Enhancing CdTe Solar Cell Efficiency through CSS Heat Treatments

Closed space sublimation (CSS) is a key vapor transport technique used as a deposition process in the thin film cadmium telluride (CdTe) solar cell production. This study presents essential steps implemented within the CSS system to achieve high-performance solar cell devices. 

The CSS system has been used for both high-temperature annealing (HTA) steps and the critical CdCl₂ treatment in the CdTe fabrication process. HTA-1 is the first heat treatment in the CSS process, applied after the deposition of the thermally evaporated front stack CdSeTe/CdTe layer. During this treatment, CdTe source is being evaporated onto the sample at 575°C. HTA-1 treatment helps improve the crystal quality by increasing grain size and reducing defects in the front layer, which makes it easier for charges to move through the material. Following CdTe layer deposition using the vapor transport deposition (VTD) method, the sample undergoes HTA-2 in the CSS system as the second heat treatment in the process. It helps to intermix the front and VTD layers into one uniform layer with improved crystallinity and uniform grain size.

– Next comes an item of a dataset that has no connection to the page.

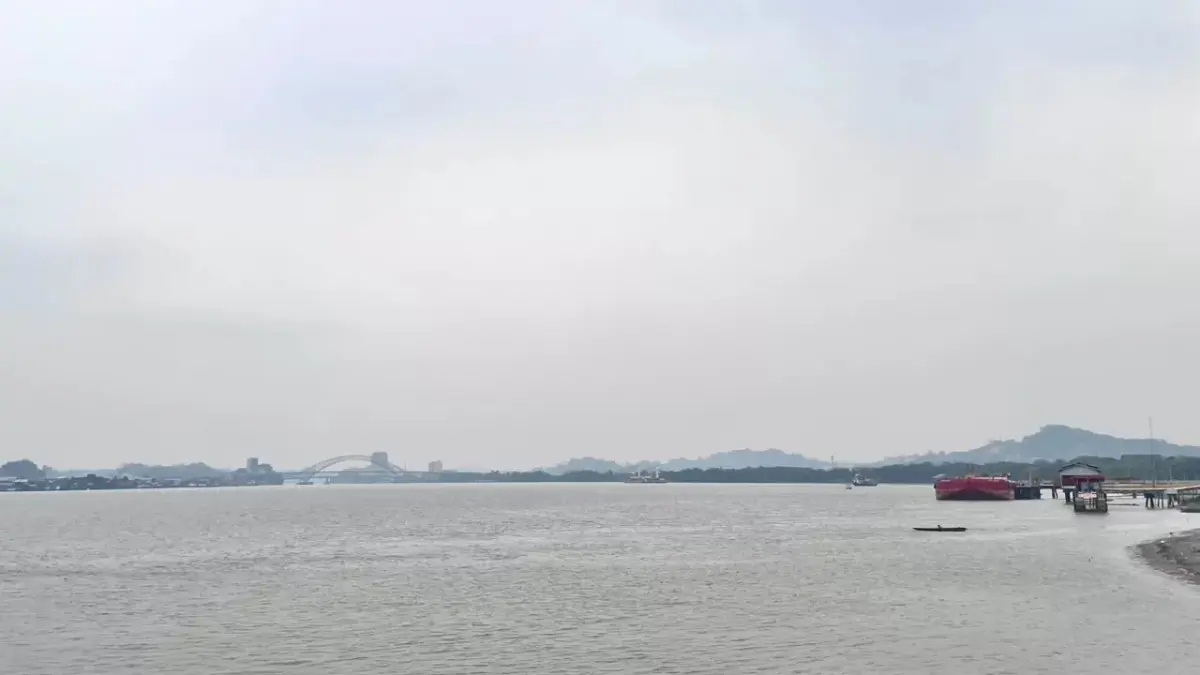 Kabut asap masih menghantui Samarinda.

Following this, a post-deposition CdCl₂ treatment is carried out at 425 °C for 1 hour. To ensure optimal deposition in the CSS system, all treatments should include both a controlled preheating phase and an argon gas purge. Preheating the substrate and source materials stabilizes thermal gradients and supports consistent deposition rates. Purging with argon displaces oxygen and moisture from the chamber, minimizing oxidation risk. Nevertheless, some studies have suggested that the presence of a small amount of oxygen during the final and most critical CdCl₂ treatment, may be beneficial. The CdCl₂ treatment is a crucial step that helps passivating grain boundaries and promoting recrystallization and grain growth. Together, these steps greatly enhance the quality of the CdTe layer and boost solar cell performance.